Bellocchio recusa o conforto de fazer de Alessandro um monstro. Lou Castel o constrói como um adolescente atrasado, narcísico, brincalhão até — alguém que ri das próprias ideias homicidas porque elas lhe parecem, antes de tudo, libertadoras. Matar é o ato de quem quer respirar. A família é o ar viciado.

A casa burguesa não cria filhos: cria sintomas, e um deles, mais lúcido que os outros, resolve curar a casa matando-a.

Carniça burguesa, e o convite a devorá-la

No quadro acima, Castel nos encara no pós-crise — e é o rosto mais perturbador do filme. Não há sangue, não há grito. Há uma instabilidade no olhar, as pálpebras ainda pesadas da convulsão, a boca entreaberta entre o estupor e algo perigosamente próximo do prazer. É o rosto de quem acaba de ser atravessado pelo próprio corpo doente e descobriu, no espasmo, uma forma de êxtase. A doença e a liberdade habitam o mesmo nervo. Aquele olhar não pede compaixão nem condena: apenas constata que dentro daquela carne há um motor que ninguém controla — nem o filho, nem a mãe, nem a moral burguesa que finge não ver.

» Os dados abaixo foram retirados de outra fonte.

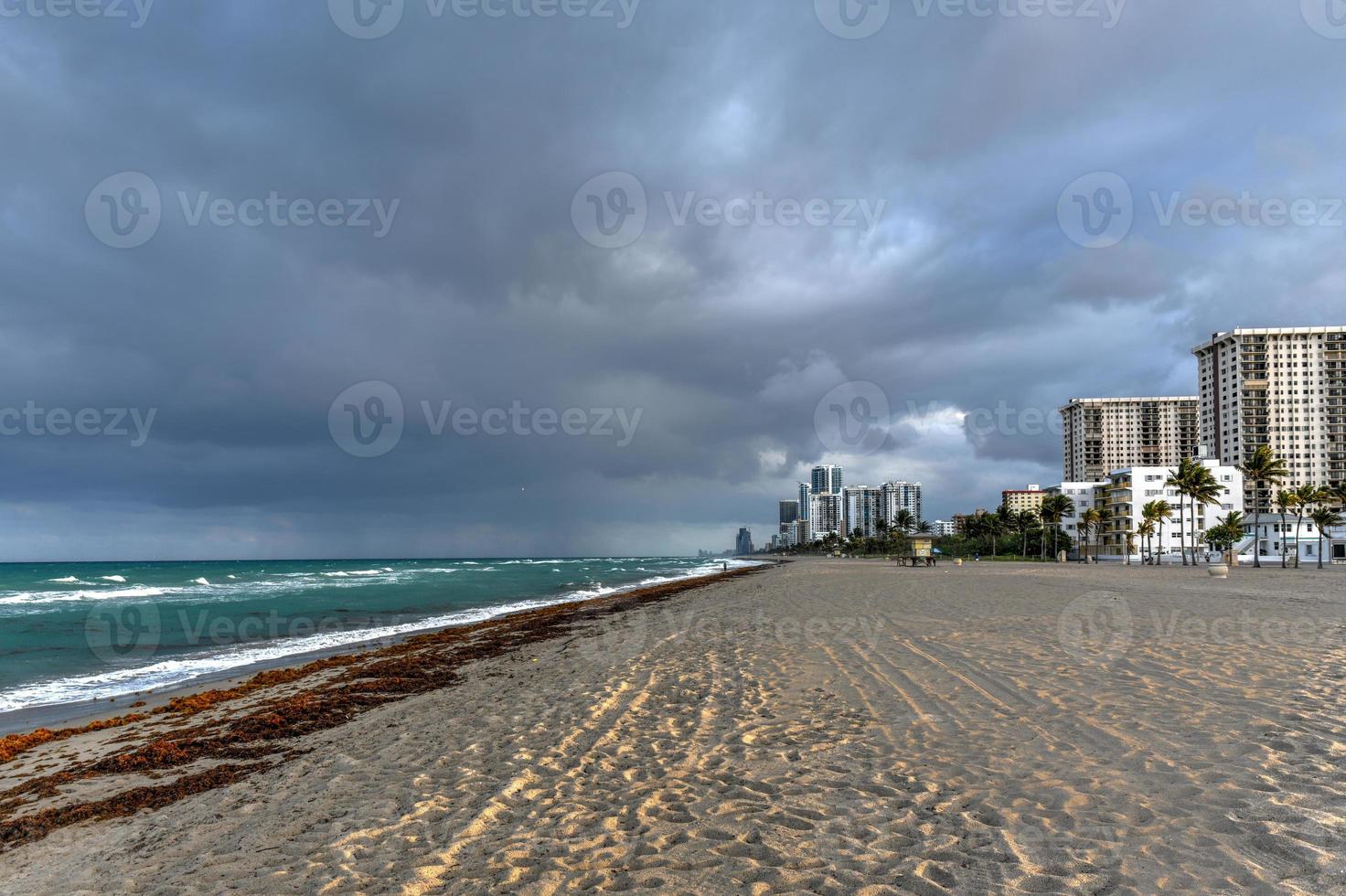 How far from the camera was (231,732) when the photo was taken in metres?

O desfecho fecha o diagnóstico com ironia feroz. Sozinho, Alessandro convulsiona até a morte enquanto La Traviata derrama "Sempre libera" pelo cômodo — Verdi cantando a liberdade exata que o corpo lhe nega. Vale ouvir o filme como uma economia de som: a trilha de Ennio Morricone trabalha em surdina pela maior parte da projeção, e parece quase contida demais até esse instante em que a ópera invade tudo. Talvez seja desenho de Bellocchio, talvez seja só o que o espectador quer escutar — mas o efeito é que a casa, finalmente esvaziada, vence o cirurgião que jurou curá-la, e vence cantando.

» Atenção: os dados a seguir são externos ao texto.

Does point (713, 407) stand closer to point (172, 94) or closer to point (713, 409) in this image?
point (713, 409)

A crítica reverente arquivou I pugni in tasca como "marco do cinema político italiano", etiqueta que serve para não tocar no que ele realmente propõe: que a família é putrefação, e que há lucidez no impulso de incendiá-la. Domesticá-lo em verbete de história do cinema é uma forma de não sentir o cheiro. Abutrear este filme é fazer o contrário — entrar na villa pelo cheiro, reconhecer no riso de Alessandro algo que mora em qualquer casa onde se finge amor por dever de sangue. Bellocchio deixou a carcaça exposta. A crítica polida desvia o olhar. O abutre se aproxima, fareja a podridão da própria infância e entende: o que apodrece sempre alimenta alguém.